■ **Data section**

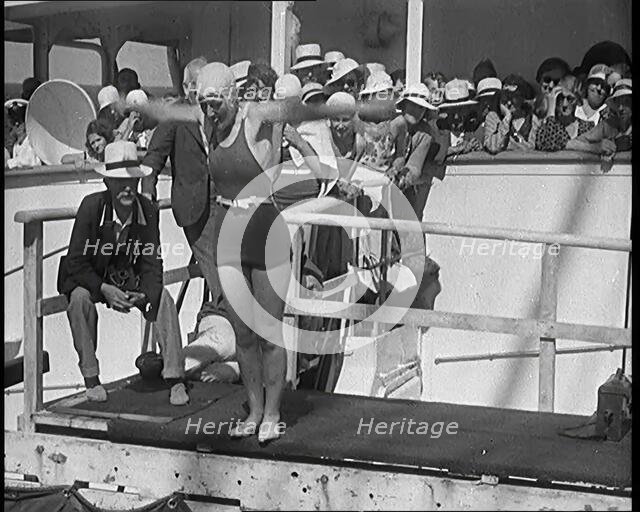 Female Civilian Diving Into the Shipboard Swimming Pool With a Crowd of Other Civilians..., 1931. Creator: British Pathe Ltd.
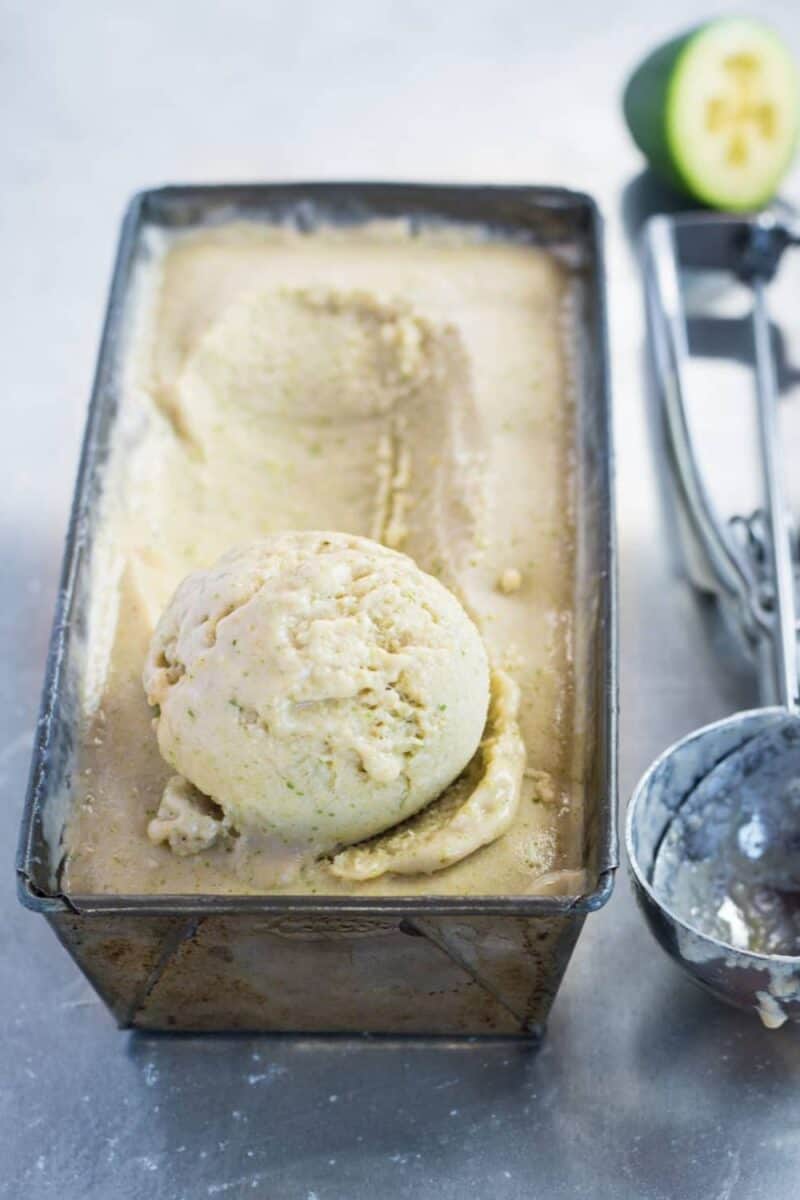 Homemade feijoa ice cream in a metal loaf pan, with a scoop taken out, displaying a pale green color indicative of the fruit's inclusion.
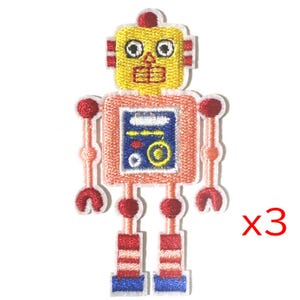 Op de afbeelding: Drie geborduurde strijk-op patches van een cartoon robot met een geel hoofd, roze lichaam, rode armen en benen en blauwe details. De robot heeft een gezicht met twee grote ogen, een kleine neus en een mond.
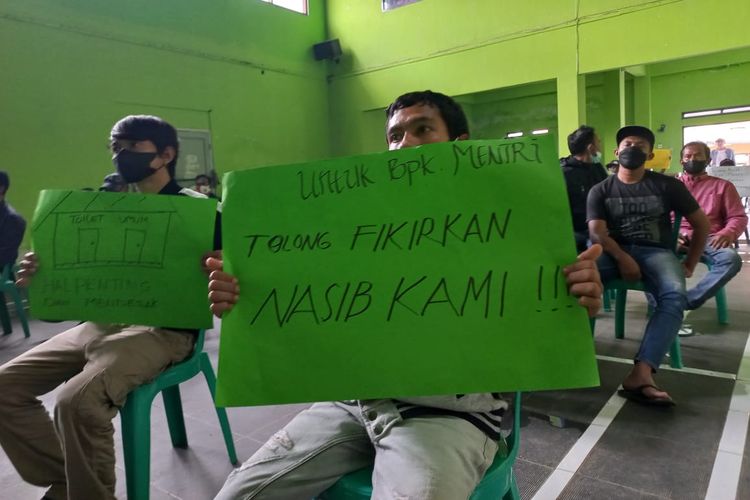 Salah satu pekerja toilet membentangkan poster meminta Menteri BUMN Erick Thohir mengkaji ulang pernyataan soal WC SPBU gratis di Sukahening, Kabupaten Tasikmalaya, Jawa Barat, Minggu (12/12/2021).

■ **About this exercise**
For your answer, write out the data exactly and drop every picture.

■ **Exercise result**
 Female Civilian Diving Into the Shipboard Swimming Pool With a Crowd of Other Civilians..., 1931. Creator: British Pathe Ltd.
 Homemade feijoa ice cream in a metal loaf pan, with a scoop taken out, displaying a pale green color indicative of the fruit's inclusion.
 Op de afbeelding: Drie geborduurde strijk-op patches van een cartoon robot met een geel hoofd, roze lichaam, rode armen en benen en blauwe details. De robot heeft een gezicht met twee grote ogen, een kleine neus en een mond.
 Salah satu pekerja toilet membentangkan poster meminta Menteri BUMN Erick Thohir mengkaji ulang pernyataan soal WC SPBU gratis di Sukahening, Kabupaten Tasikmalaya, Jawa Barat, Minggu (12/12/2021).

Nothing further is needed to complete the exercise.